Wednesday, June 12, 2024
Minicik,
ancak cok uyaranli cekirdek ailemiz icin bir gun cok iyi gecerken ertesi gun cok kotu olabiliyor. Sabahtan, evdeki kuru kimin ruh hali belirliyor diye dusunmeye basladim. Kocamdan supheleniyorum. Cocuk tamamen bizim ruh halimizden besleniyor, ben pozitif olmaya coktan niyetliyim, ama evimizin babasi icin mutluluk sartlarinin bir araya gelmesi daha zor.

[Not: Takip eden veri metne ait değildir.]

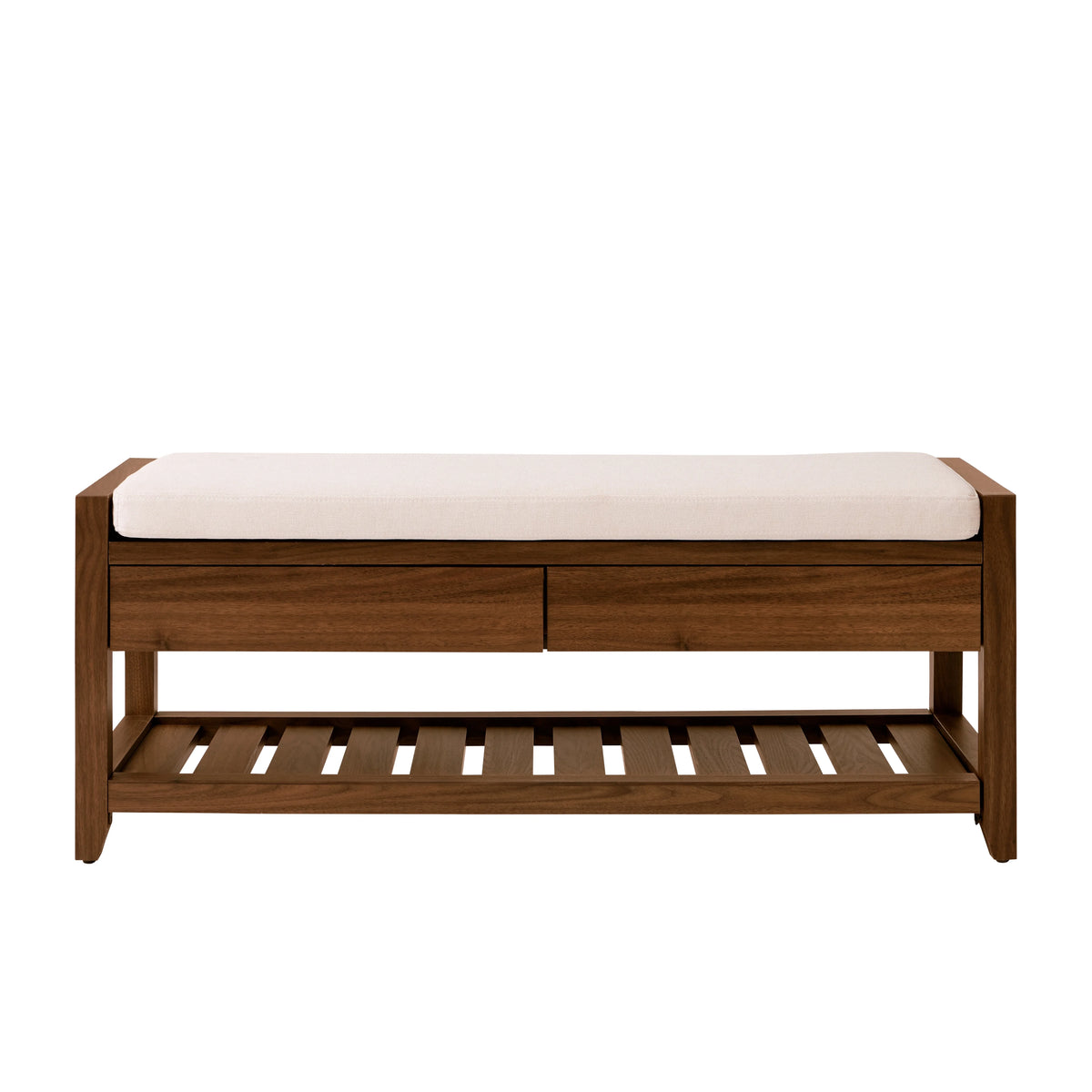 Better Homes & Gardens Reading 45" Bench, Walnut Finish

Boris mutluysa eger hepimiz mutluyuz, kesin... Bu sifreyi cozmem iyi oldu, artik gizli yonlendirmelerim olabilir.
Tuesday, June 4, 2024
Dile getirilemeyecek
kadar buyuk hayal kirikliklarini ortuyoruz, dikkatleri hayatimizdaki sevimli ayrintilara cekerken. Bu bahar bize iyi gelmedi, oglan yeni huylar gelistirdi, insani hayattan sogutan cinsten. Yapabilmem icin tam iyilik hali gerektiren islerin cogunu yapamiyorum, cunku o kadar iyi hissetmiyorum. Bebeyle 3 saatten fazla gecirince, sinirler darmaduman oluyor. Vahsi bir gucu ve kararliligi var, sadece bizim uzerimizde ve kotuye kullandigi. Aciklanamayacak duzeyde bir kaynak israfi, doga nasil buna musade edebilir...
Monday, June 3, 2024
Evde
insaat var. Bu hafta isi bitirme telasiyla, ustalar daha fazla calisiyor. Bugun, Jose son enerjisine kadar indir kaldir isleriyle ugrasirken, insanin ailesi icin bu kadar calisabilmesi icin onlari ne kadar cok seviyor olmasi gerektigini dusundum.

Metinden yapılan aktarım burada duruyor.